Recent Senate actions indicate growing congressional support for stronger initiatives.
In April, a bipartisan group of senators sponsored legislation calling for a new policy framework in the Indo-Pacific region to promote a free and open region and adherence to a rules-based international order.
A section of that bill calls for regular warship operations and military flights over the sea, and greater joint maritime training and freedom of navigation operations with regional states.
The bill also would fund weapons transfers and greater defense cooperation in the region "to resist coercion and to deter and defend against security threats," the senators said.
Earlier in March, another group of senators, led by Rubio and Sen. Ben Cardin (D., Md.) introduced legislation that would impose sanctions on Chinese officials and organizations engaged in illegitimate actions in both the South China Sea and East China Sea, where China is pressing Japan over its claims to the Senkaku islands.
"The Chinese government's latest aggressive actions clearly demonstrate that continued brow-beating of Beijing via diplomatic demarches is not enough," the three senators stated.
The senators said the administration needs to do more to force China into accepting the 2016 ruling of the international tribunal in The Hague that ruled China violated international law by building up the artificial islands.
Additionally, Rubio, Gardner, and Markey want the administration to work more with Congress to provide robust U.S. military support to regional states concerned about Chinese aggression.
Other measures sought include reaching a trilateral agreement between the Pentagon and Japan and Australia to coordinate maritime security assistance and pool resources.

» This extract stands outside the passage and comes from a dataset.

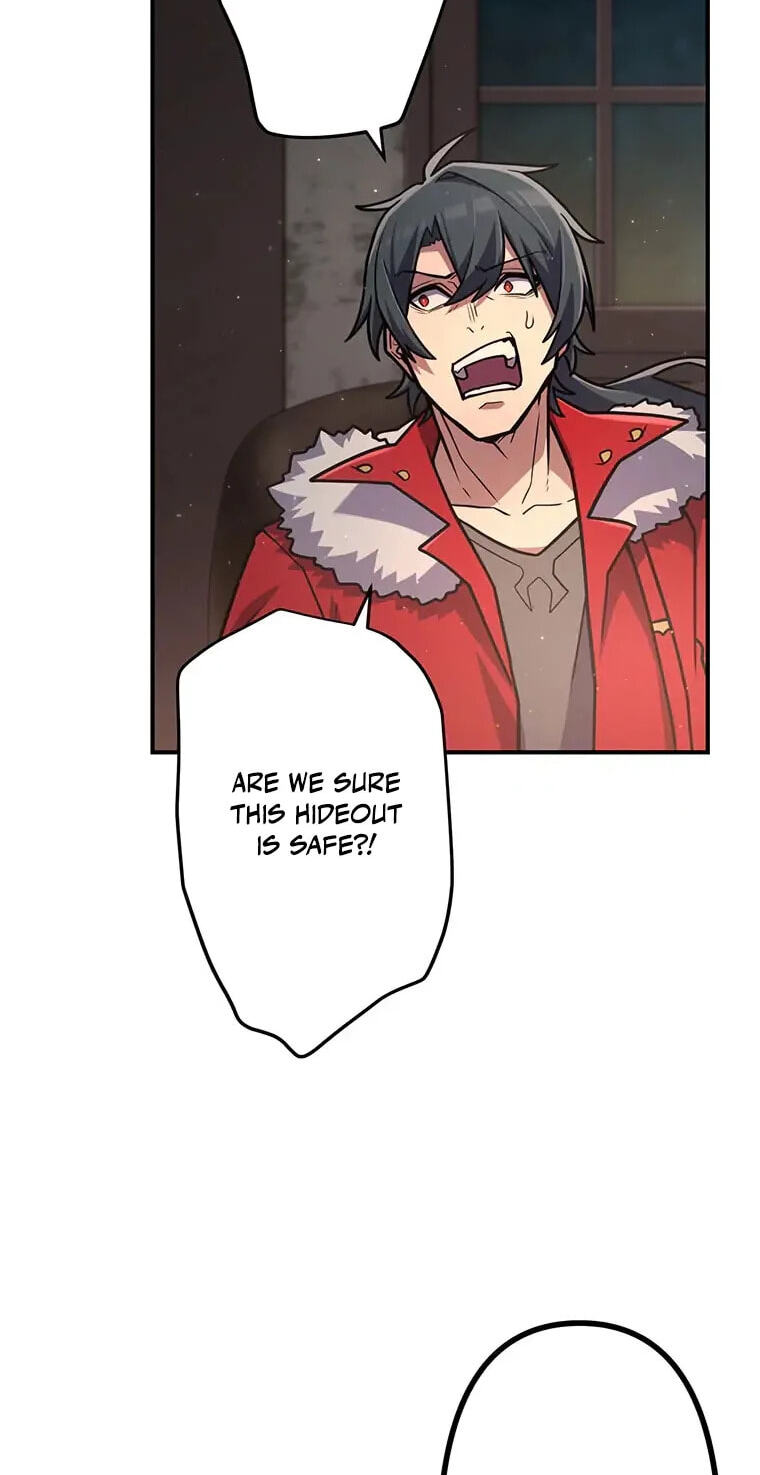 Maou App de S-kyuu Hunter ni Naremashita Chapter 92 page 69 -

"We were glad to see the Department of Defense recently retract U.S. invitations for the People's Liberation Army Navy to participate in the upcoming Ring of the Pacific (RIMPAC) naval exercise," the senators said.
In addition, the senators want the Pentagon to provide an assessment of the threat posed by China's new regional weapons to freedom of navigation operations in the South China Sea.
A third proposal is the creation of a Joint Maritime Task Force-Pacific that would provide "persistent deployment of surface ships from a group of allies and partners in the broader Indo-Pacific region who are committed to protecting a free and open South China Sea maritime environment," the lawmakers said.
Reuters reported that satellite photos taken May 12 revealed China has deployed mobile surface-to-air missiles or anti-ship cruise missiles on Woody Island in the Paracels.
Marine Corps Lt. Col. Christopher B. Logan said in response to reports of the warship operation: "U.S. forces operate in the Asia-Pacific region on a daily basis, including in the South China Sea. All operations are conducted in accordance with international law and demonstrate that the United States will fly, sail, and operate wherever international law allows."
"We are continuing regular FONOPS, as we have routinely done in the past and will continue to do in the future," he said, adding that summaries of the operations would not be released until an annual report is made public.
China's claims to islands in the sea have been challenged by Philippines, Vietnam, Brunei, Malaysia, and Taiwan.